Science/Technology

Meeting of the Minds

Right Brain, this is Left Brain. Scott Fraser’s happy to make the introduction.

March 07, 2016

Behold the all-powerful cappuccino machine.

Drawn from labs and laptops, the scientists on Scott Fraser’s team follow the aroma of brewing beans. They gather around the coffeemaker for a jolt of caffeine, but they often find inspiration and unexpected solutions as well.

USC recruited Fraser from Caltech to make creative sparks fly among USC academics. He aims to bring together physicists and engineers, computational biologists and visual artists, chemists and mathematicians.

“You could almost hyphenate anything to anything here at USC and come up with some new opportunities,” says Fraser, USC’s new director of science initiatives within the USC Office of the Provost. He also holds a joint faculty appointment in the USC Dornsife College of Letters, Arts and Sciences’ biology department, USC Viterbi School of Engineering, Keck School of Medicine of USC and Children’s Hospital Los Angeles.

Fraser has melded great minds before. His cappuccino strategy comes from his two decades at Caltech, where he directed the Biological imaging Center and conducted influential research into embryonic development. He set up an industrial coffeemaker in a central location and let the unplanned interactions work their magic.

“People would sit down and bellyache about the experiment that just failed or share the triumph they just had in the lab,” he says. “More times than not, the next person at the table would say, ‘Well, why is that a triumph?’ or ‘Wait, I know how to solve that problem.’ We generated companies, research projects and dozens of patents from people sitting down and finding out where the solutions could be brought in from another field.”

In his new post, Fraser will be integral to pushing USC’s progress as a scientific leader, says michael Quick, USC executive vice provost.
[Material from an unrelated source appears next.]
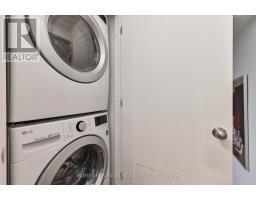 400 Summerhill Avenue, Toronto, ON M4W2E4 Photo 11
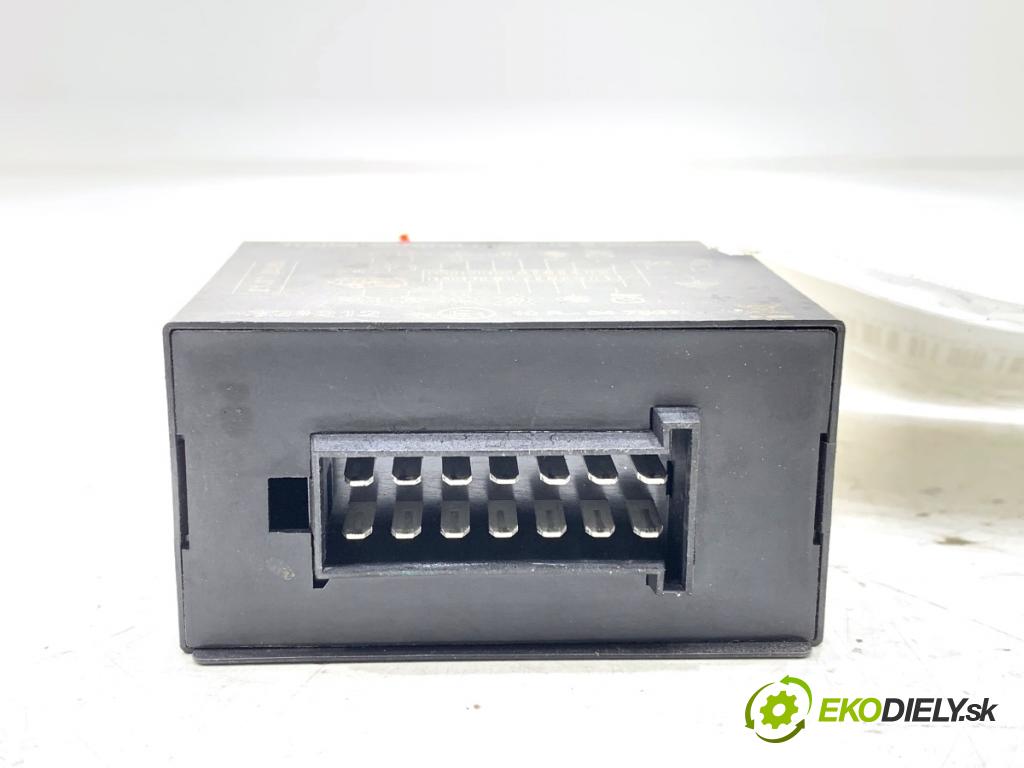 NISSAN QASHQAI J10 SUV 2007 78 kW 1.5 dCi 1461 Modul ťažného oka 321212 10R-047537 (Riadiaca jednotka ostatné)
“We need to engage all of our science faculty in strategic planning for the large, interdisciplinary science initiatives that will be the hallmark of 21st-century science,” Quick says. Fraser will work closely with faculty and deans across USC, as well as others in the Office of the Provost, to spur innovation.

As Fraser settles in to the fourth floor of Irani Hall—unpacking boxes, furnishing offices and outfitting his lab—his schedule is still far from routine. Most days, he says, involve “some part of the day designing or interpreting experiments, and some part of the day networking with this amazing variety of talents on campus.”

He especially enjoys the sense of community that unites the four floors of Irani. A fellow biologist once bumped into him in the hallway and yelled, “I love this building!”

Community and collaboration have contributed a great deal to Fraser’s own research.

To develop the microscope technology he needed to study rapidly developing cells, Fraser was able to “steal”—his term for interdisciplinary appropriation—from the findings of engineers working on satellites. He sees similar potential for crossover research at USC.

“I walk around campus and I see four or five ways we could interface between computational biology and the school of cinema, let alone social sciences, let alone the business school,” Fraser says. “We’re really trying to orchestrate a whole community of scholars around a set of big problems.”

When Fraser describes moments of genius that result from random interactions, you can see why his coffee-klatch plan is key: “The whole idea is to create an environment where accidents happen, where lightning strikes. Lightning isn’t always going to strike in the same place or between the same people, so we need to make sure we’re making a lot of opportunities.”

Fraser relishes his new challenge and believes that USC is a perfect move for him—there’s something empowering, he says, about being at a school that is large enough to think about changing the way things happen and small enough to actually imagine changing them.

“USC has been extremely venturesome in how it’s invented and reinvented itself and continues to make its programs more expansive and more powerful,” Fraser says. It’s also fertile ground for collaboration. USC already has numerous cross-disciplinary faculty members, including Andrew McMahon, a new stem cell scientist who is forging relationships with engineers and others at the University Park Campus, and Mark Humayun, a physician who’s also a biomedical engineer.

The new position is no surprise to those around Fraser. Rusty Lansford, a senior research scientist, describes Fraser as “a scientific polymath. He is wickedly smart, highly imaginative and able to connect dots from many scientific arenas—all of which makes him a very creative person, someone ideal for developing new initiatives.”

Fraser’s pleasure with his new role at USC is palpable. “There aren’t too many jobs where you wake up in the morning and think about all the cool things that could happen that day,” he says.

He’s planning to place the new cappuccino maker in his Irani Hall office, which has a view of the Hollywood sign, to get the conversation going. “Oh, you could probably do it with margaritas as well,” he offers, “but it would be a much shorter day.”